Required action:
Return exactly, please, the line that contains "12 Pairs 13" and every line after it through the end of the material that follows, leaving pictures aside.

Dataset extract:
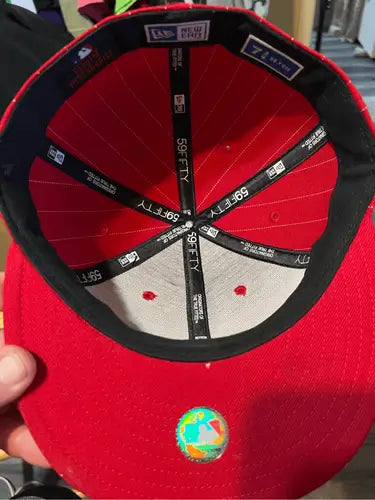 Red Saint Louis Cardinals vintage fitted cap with interior branding and holographic sticker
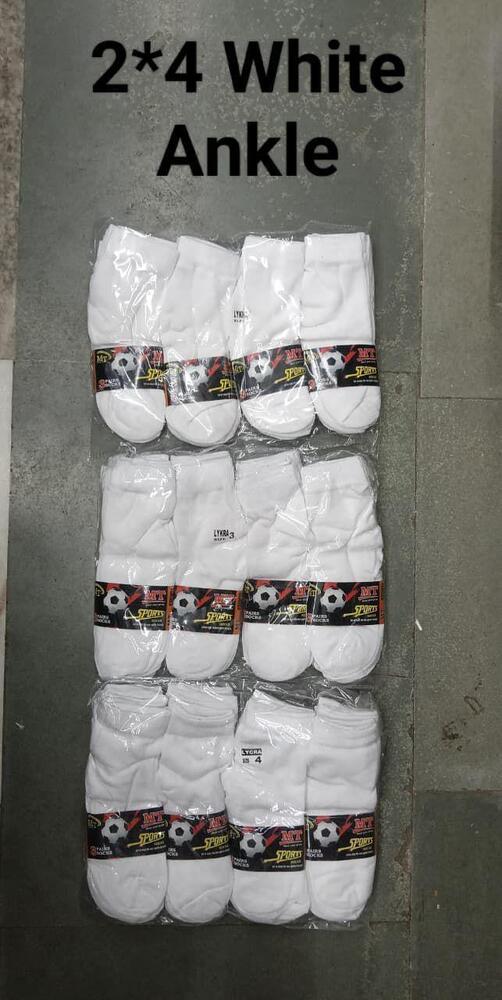 12 Pairs 13 MT Sports White Ankle Lycra Socks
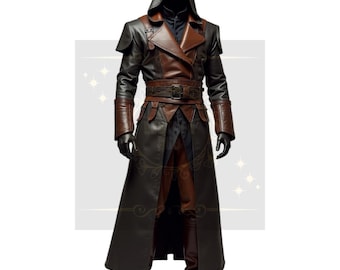 Handcrafted Hooded Leather Trench Coat: Steampunk Gothic Cosplay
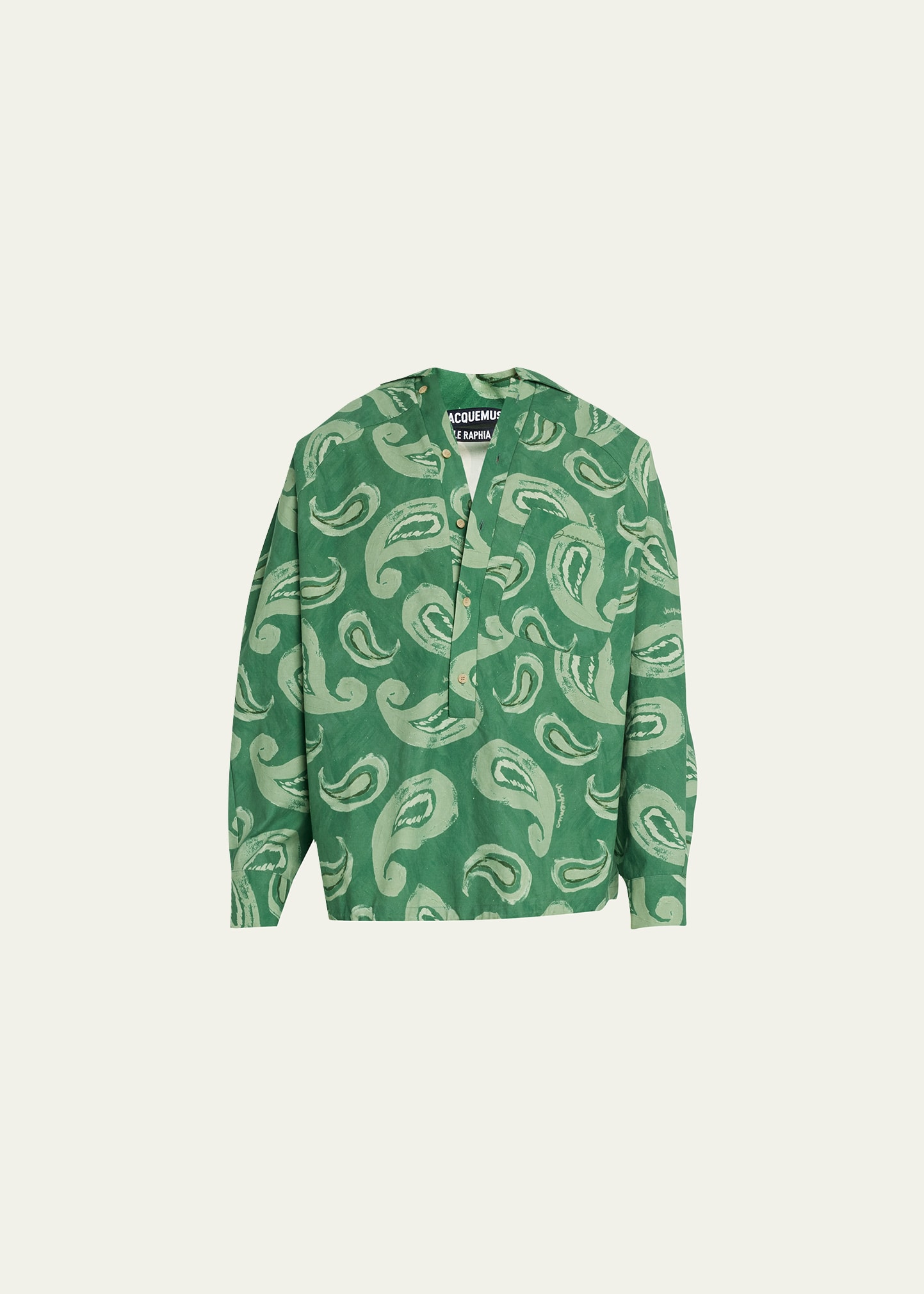 JACQUEMUS ペイズリー柄グリーンシャツ Jacquemus Men's Paisley Open-Chest Pullover Shirt - Bergdorf Goodman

Task response:
 12 Pairs 13 MT Sports White Ankle Lycra Socks
 Handcrafted Hooded Leather Trench Coat: Steampunk Gothic Cosplay
 JACQUEMUS ペイズリー柄グリーンシャツ Jacquemus Men's Paisley Open-Chest Pullover Shirt - Bergdorf Goodman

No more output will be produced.